Market Expansion Solutions for Germany


View from Gediminas castle to the new Vilnius

Economic Profile

The Lithuanian GDP is diversified. Trade and services constitute approximately 60 percent of it, the industrial sector just under 20 percent and primary agriculture and fisheries at about 3 percent. Lithuania was one of the fastest countries to recover from the global recession of 2008, with the economy returning to growth figures as early as 2009.


The GDP of Lithuania stood at 36.3 billion euros in 2014, with gross domestic product per capita of 12,093 euros. The inflation rate is steady 0.2 percent for the same period. Debt to GDP ratio is 39.7 percent, which, despite the government’s austerity measures, is rising.


Wages and salaries are quite low by European standards and bring about emigration of Lithuanian nationals to countries with higher wages. However, the government has increased the minimum wage in 2015 by 10 euros to 300. Despite this the current unemployment rate is high by European standards, at 10.7 percent.

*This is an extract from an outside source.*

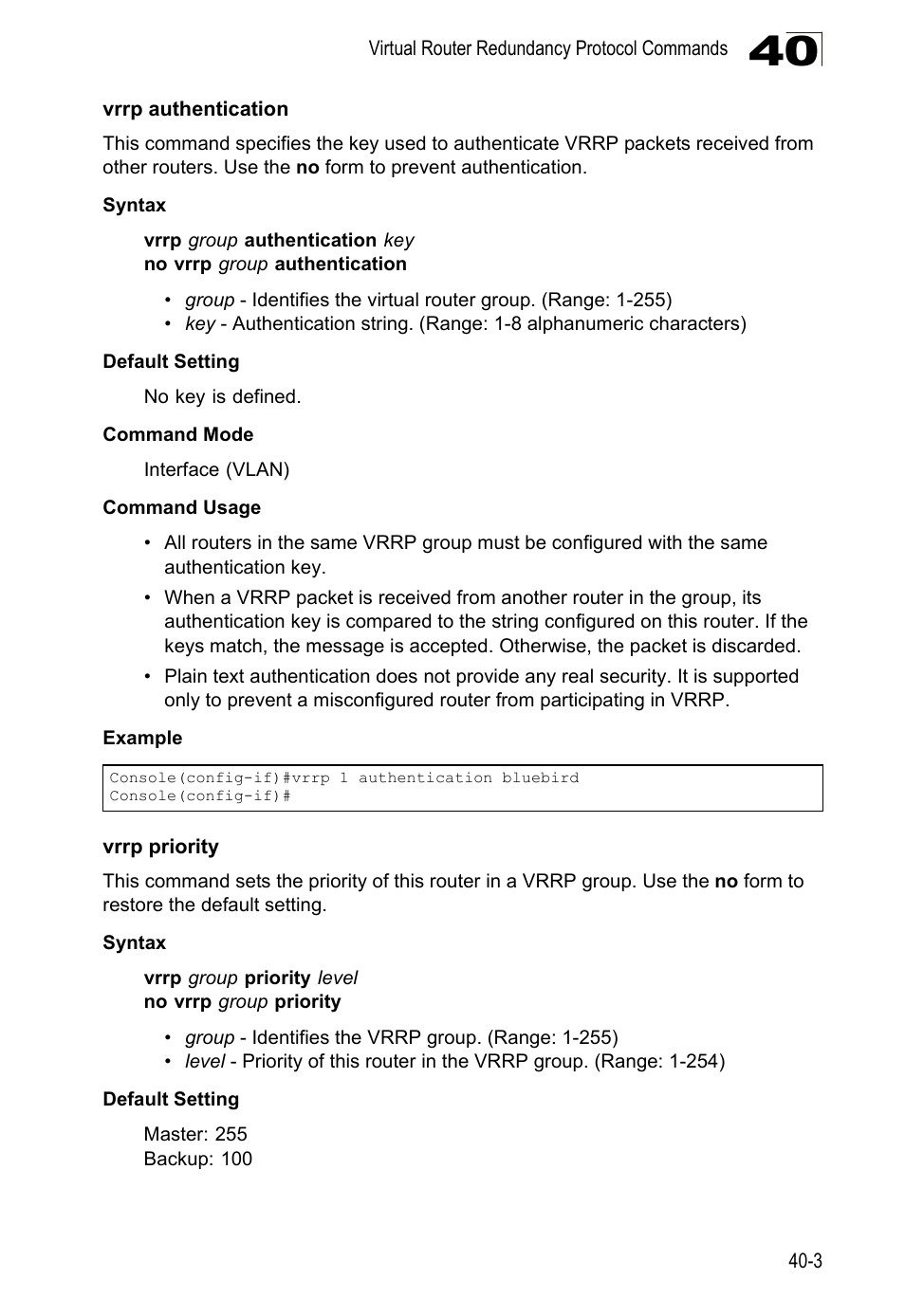 Vrrp authentication, Vrrp priority | LevelOne GTL-2690 User Manual | Page 670 / 789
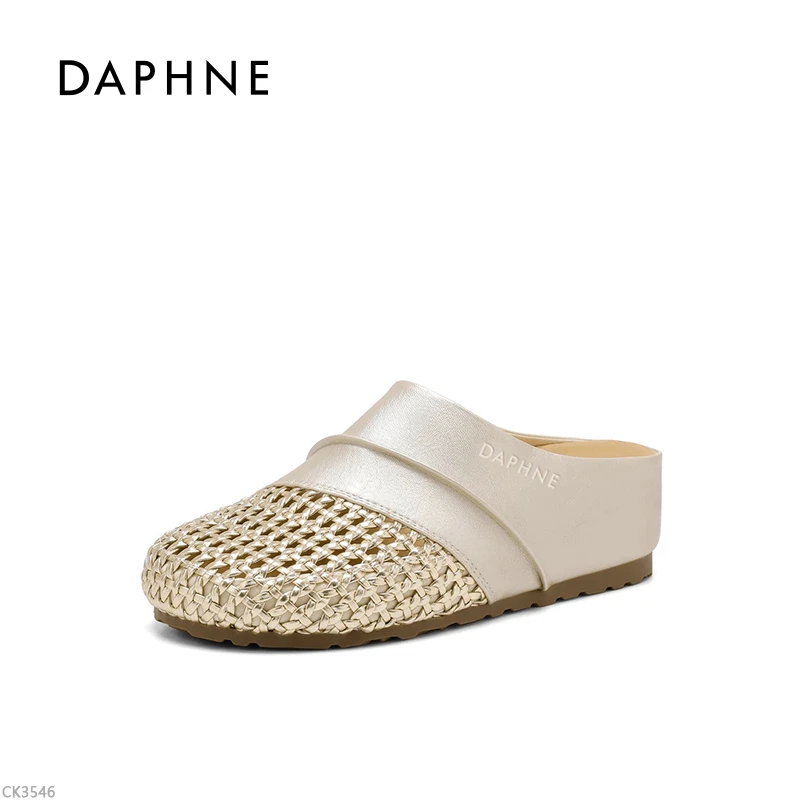 达芙妮时尚半拖鞋女2025新款夏季复古编织包头透气平底软底凉拖鞋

Foreign trade is developing positively. However, because of the Ukraine crisis, it decreased for the first time in recent years in 2014 – exports fell by 0.6 percent, while imports rose by 1.2 percent. Russia, Lithuania’s chief oil provider, remains the most important trading partner of the country. Other important ones are the Baltic and Nordic countries, Poland and Germany. Main export commodities are food, furniture and wood, plastics, fertilizers and metal products. An important point to mention is Lithuania’s abandonment of the lita; it adopted the euro in January, 2015.


Lithuania is highly dependent on energy imports. The share of its own primary energy sources (biomass and wood waste) in energy production is approximately 20 percent. Due to this prices for electricity and heating heat (mainly fueled by gas) are high.


Lithuania wants to weaken the dependence on gas and electricity imports from Russia, which meet 75 percent of its demand, for political reasons and has therefore built up an alternative infrastructure for energy supply. An LNG terminal was commissioned in late 2014. Furthermore, the completion of power bridges to Sweden and Poland is expected by 2015/16.



Why invest in Lithuania?

  • Lithuania is termed as the gateway to the East in Europe because of its excellent infrastructure. It has one of the densest road networks in Europe, as well as one of the fastest and most reliable internet service.
  • Lithuania is ranked as 11th in the Ease of Doing Business ranking of 2015. This is primarily due to the robust internet based mechanism of the country and favourable legal conditions.
  • Lithuania has tax treaties with 50 of the biggest markets in the world, including the likes of USA, Russia and China. Thus affording a truly global reach to its businesses
  • The country also has one of the best-educated workforces in Europe. 90 percent of Lithuania’s population has secondary or higher education. In addition, the country is among 5 European nations with the highest percentage of people speaking a foreign language.